> _THE PROBLEM_
Make an exact transcript of the lines in the data below, starting with the one containing "Funny cute tiger cub" and going on through the one containing "FOLLOWIN（フォロウィ", with both included and the pictures left out.

> _MATERIAL SUPPLIED_
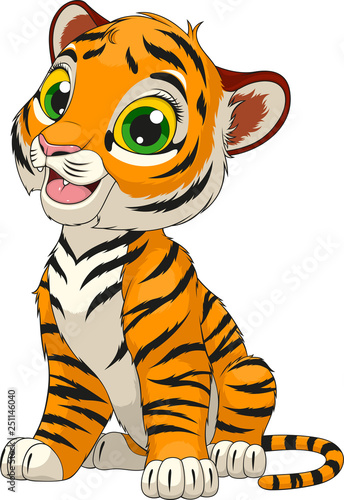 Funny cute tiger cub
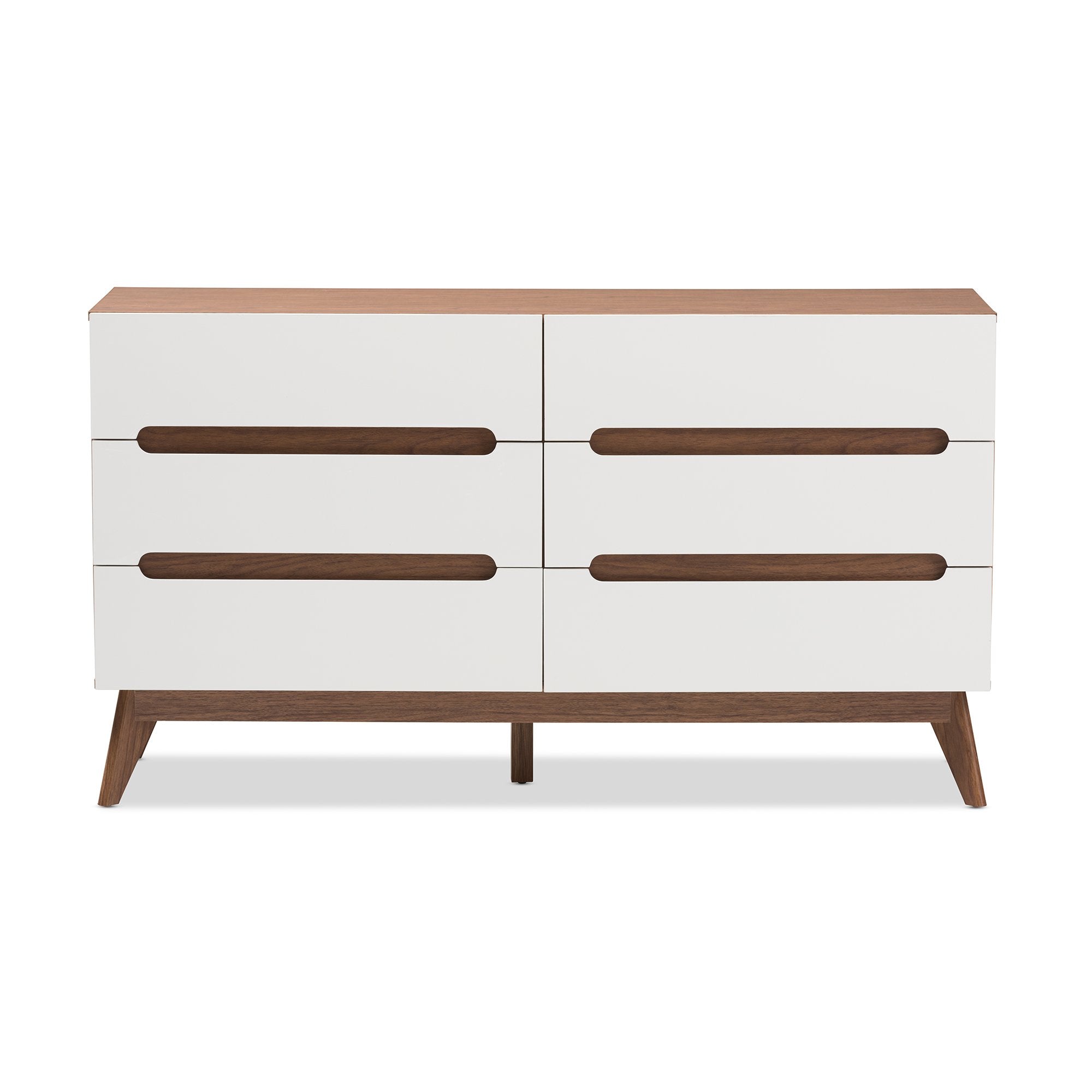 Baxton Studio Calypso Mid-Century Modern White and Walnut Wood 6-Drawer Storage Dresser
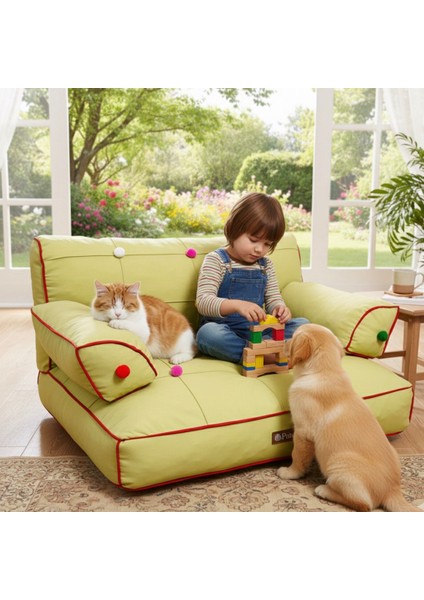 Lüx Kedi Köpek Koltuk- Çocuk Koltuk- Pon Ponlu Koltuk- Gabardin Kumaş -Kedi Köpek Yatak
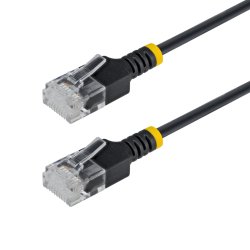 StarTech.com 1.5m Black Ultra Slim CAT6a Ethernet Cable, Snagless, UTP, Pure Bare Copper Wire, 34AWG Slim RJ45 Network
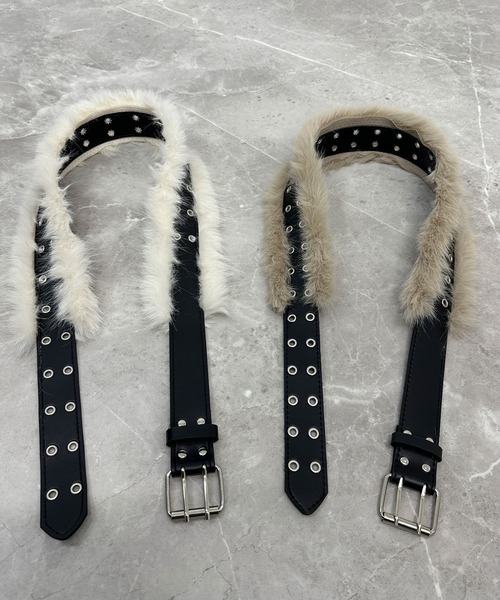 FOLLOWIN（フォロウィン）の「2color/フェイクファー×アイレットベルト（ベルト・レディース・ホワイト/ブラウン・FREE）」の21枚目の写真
---
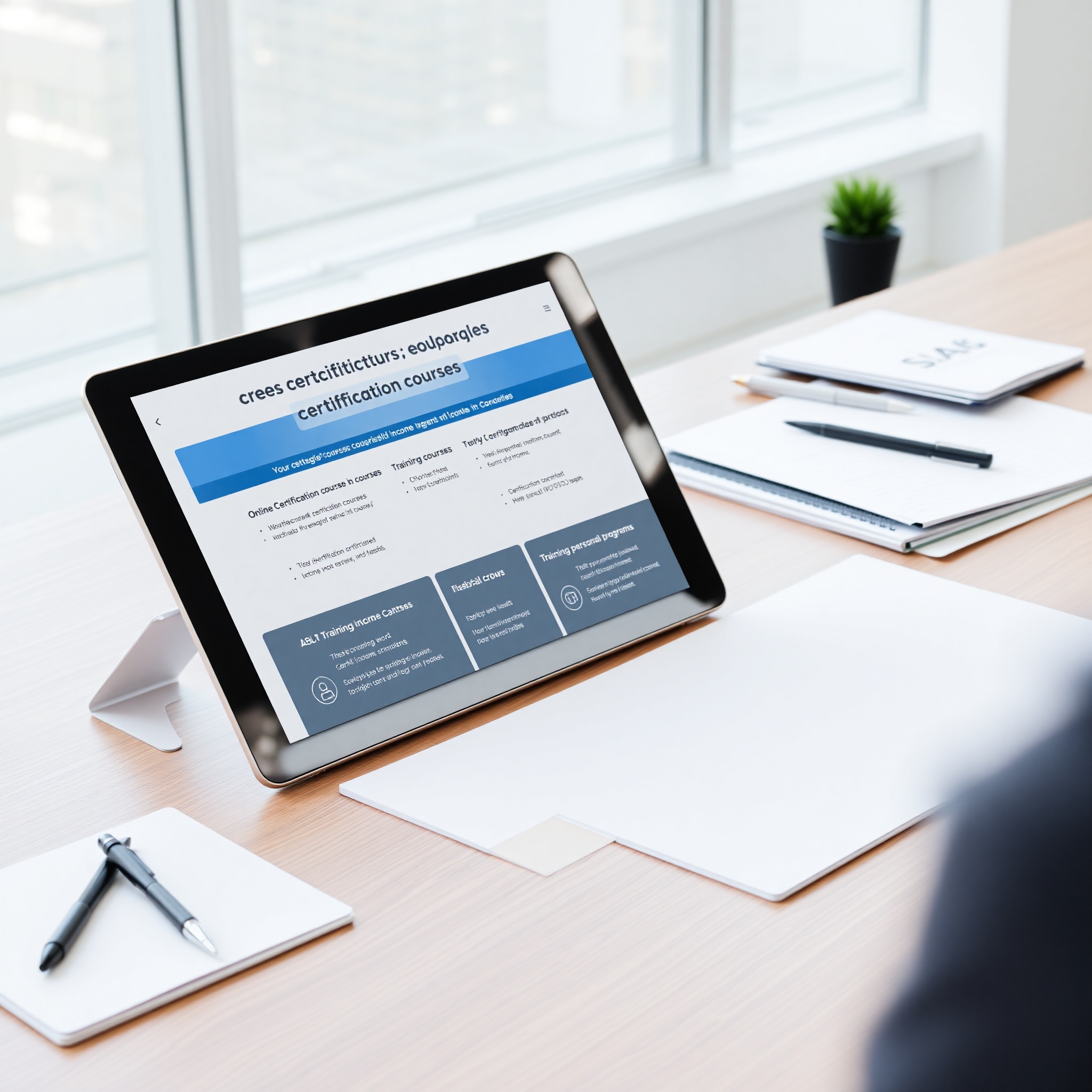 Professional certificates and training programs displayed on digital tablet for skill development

> _RESPONSE FOR THIS EXERCISE_
 Funny cute tiger cub
 Baxton Studio Calypso Mid-Century Modern White and Walnut Wood 6-Drawer Storage Dresser
 Lüx Kedi Köpek Koltuk- Çocuk Koltuk- Pon Ponlu Koltuk- Gabardin Kumaş -Kedi Köpek Yatak
 StarTech.com 1.5m Black Ultra Slim CAT6a Ethernet Cable, Snagless, UTP, Pure Bare Copper Wire, 34AWG Slim RJ45 Network
 FOLLOWIN（フォロウィン）の「2color/フェイクファー×アイレットベルト（ベルト・レディース・ホワイト/ブラウン・FREE）」の21枚目の写真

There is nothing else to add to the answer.